Philip Chawner, 53, and his 57-year-old wife Audrey weigh 24st. Their daughter Emma, 19, weighs 17st, while her older sister Samantha, 21, weighs 18st.
The family from Blackburn claim £22,508 a year in benefits, equivalent to the take-home pay from a £30,000 salary.
The Chawners, haven't worked in 11 years, claim their weight is a hereditary condition and the money they receive is insufficient to live on.
Hereditary condition? Hs it been proven?
Mr Chawner said: "What we get barely covers the bills and puts food on the table. It's not our fault we can't work. We deserve more."
The family claim to spend £50 a week on food and consume 3,000 calories each a day. The recommended maximum intake is 2,000 for women and 2,500 for men.
Have social services required them to undergo nutriotion education while they're on social assistance?
"We have cereal for breakfast, bacon butties for lunch and microwave pies with mashed potato or chips for dinner," Mrs Chawner told Closer magazine.
"All that healthy food, like fruit and veg, is too expensive. We're fat because it's in our genes. Our whole family is overweight," she added.

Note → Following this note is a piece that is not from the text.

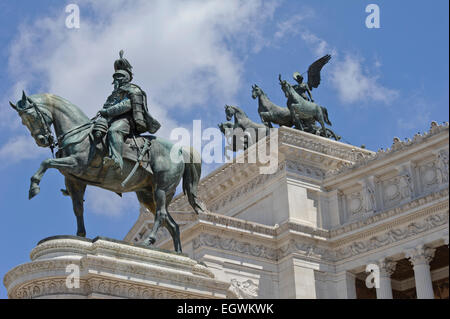 Eine Statue von Victor Emmanuel auf dem Pferderücken außerhalb Nationaldenkmal, Victor Emmanuel II, Rom, Italien. Stockfoto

Instead of giving them food money, why not invite them to a healthy food kitchen if they don't know how to eat properly. Maybe offer nutrition courses in a room next to the kitchen?
I can guarantee that if social assistance programmes depended on charitable contributions rather than government funding, all these controls would be in place.
Each week, Mr and Mrs Chawner, who have been married for 23 years, receive £177 in income support and incapacity benefit. Mrs Chawner is paid an extra £330-a-month disability allowance for epilepsy and asthma, both a result of being overweight.
The incapacity benefits could be used for nutrition courses instead. Teach the man to fish; don't just give him a fish. If we truly cared about these people, we wouldn't just be throwing money at them to get them out of our faces. We'd be educating them to show them where they're going wrong. This would not only help us, but they'd appreciate it too. Let's stop just throwing money at them and actually help them.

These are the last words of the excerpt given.